Intervenção de Jorge Sarabando, coordenador do núcleo do Porto da ACR, na apresentação do livro
- 40º Aniversário da Constituição, A Conquista dos Direitos Democráticos-,
edição da ACR
Lisboa,17 de Novembro 2016
No ano em que celebramos os 40 anos de vida da Constituição da República, justo é lembrar a gesta revolucionária que a tornou possível. Assim poderemos compreender melhor o seu significado, porque não se limita, como as Constituições de outros Países, a enunciar princípios gerais e a regular o funcionamento do poder político. Vai muito mais longe, quando determina como “tarefas fundamentais do Estado”, além de garantir as liberdades e defender a democracia política e participativa, “promover…a efectivação dos direitos económicos, sociais, culturais e ambientais”, “ mediante a transformação… das estruturas”. Assim estabelece o artigo 9º e, por isso, uma das quatro Partes da Constituição é dedicada à Organização económica, e um dos Títulos é sobre os direitos e deveres económicos, sociais e culturais, e outro, inteiramente dedicado aos direitos, liberdades e garantias, distingue os pessoais, os de participação política e os dos trabalhadores.

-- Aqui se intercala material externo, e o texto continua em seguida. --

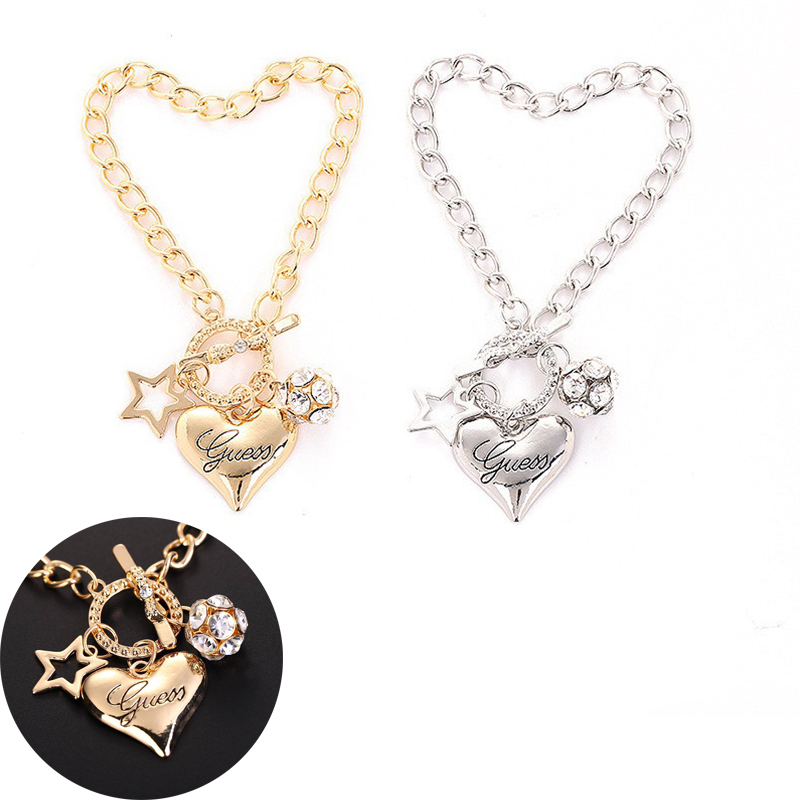 Love Heart Charm Bracelets for Women Gold Silver Color Bracelet&Bangle Jewelry Europe American Style Jewelry - 图片 17
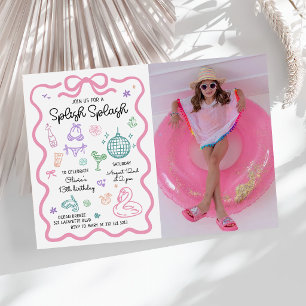Splish Splash Hand Drawn Summer Fun Birthday Photo Invitation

Como se assinala no texto introdutório do livro hoje apresentado, a Constituição não foi elaborada, como outras, por um grupo de peritos em círculo fechado, antes acolheu as grandes conquistas de Abril, que foram legisladas e em parte ainda permanecem, nascidas da luta popular e das necessidades objectivas do desenvolvimento.
Por isso a direita, como expressão política e doutrinária do grande capital financeiro, tudo fez, primeiro, para evitar que fosse gerada no decurso do processo revolucionário, e depois para que fosse concluída e entrasse em vigor. Nunca se conformou com a Constituição aprovada, que depreciativamente classificava de “programática”, e por isso procurou atingir os seus desígnios através de sucessivas revisões que a amputassem de determinantes essenciais.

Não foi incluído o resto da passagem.